::: Raw data

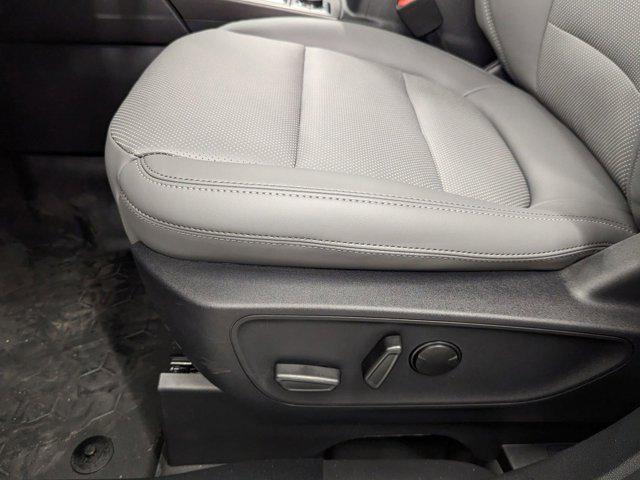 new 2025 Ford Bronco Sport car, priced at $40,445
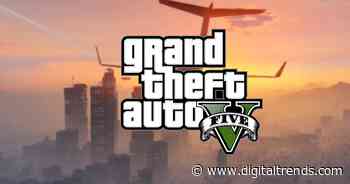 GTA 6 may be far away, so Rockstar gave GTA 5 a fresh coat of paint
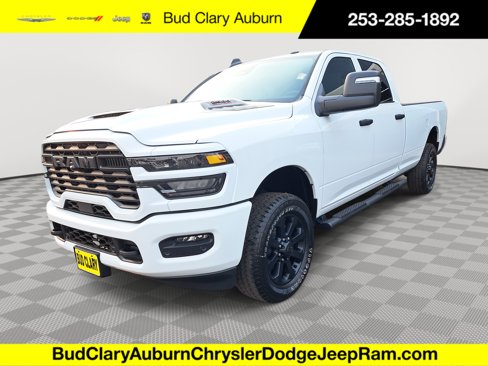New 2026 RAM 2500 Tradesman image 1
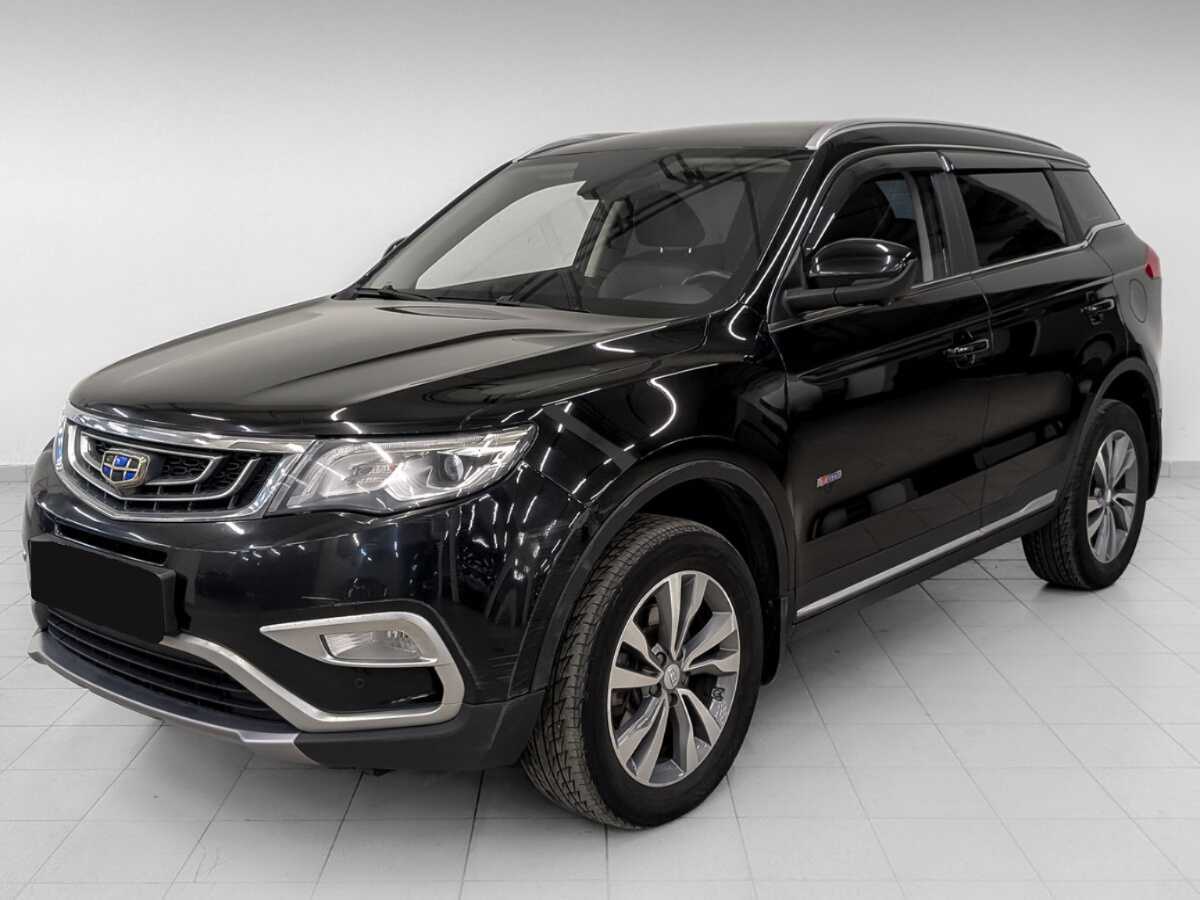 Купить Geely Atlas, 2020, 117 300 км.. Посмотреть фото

::::::
::: Raw data

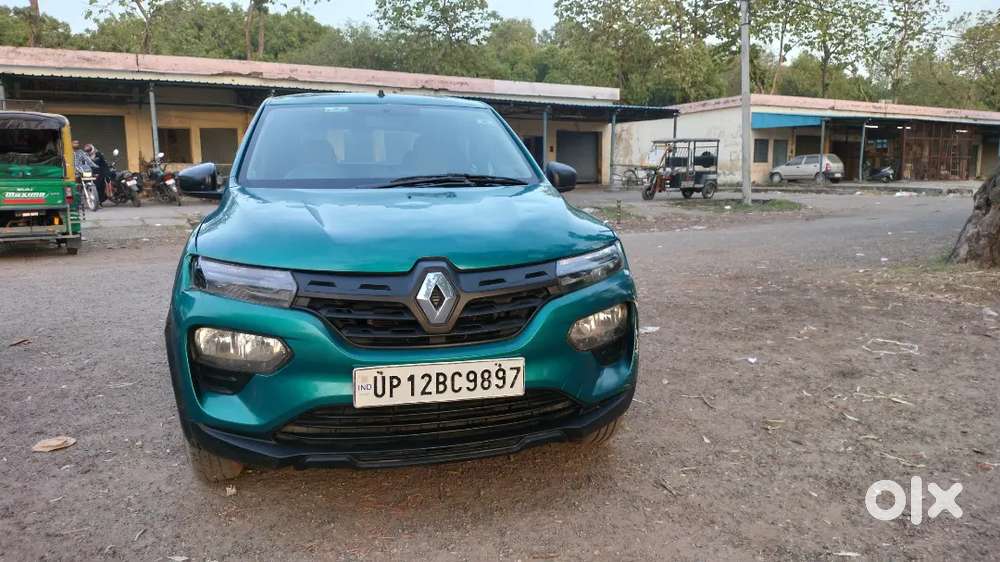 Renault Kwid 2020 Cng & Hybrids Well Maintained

::::::

* What to work on
Leaving every picture aside, reproduce exactly the lines above from the one with "New 2026 RAM 2500 Tradesman image 1" up to and including the one with "Купить Geely Atlas, 2020, 117", and no others.

* Solution
New 2026 RAM 2500 Tradesman image 1
 Купить Geely Atlas, 2020, 117 300 км.. Посмотреть фото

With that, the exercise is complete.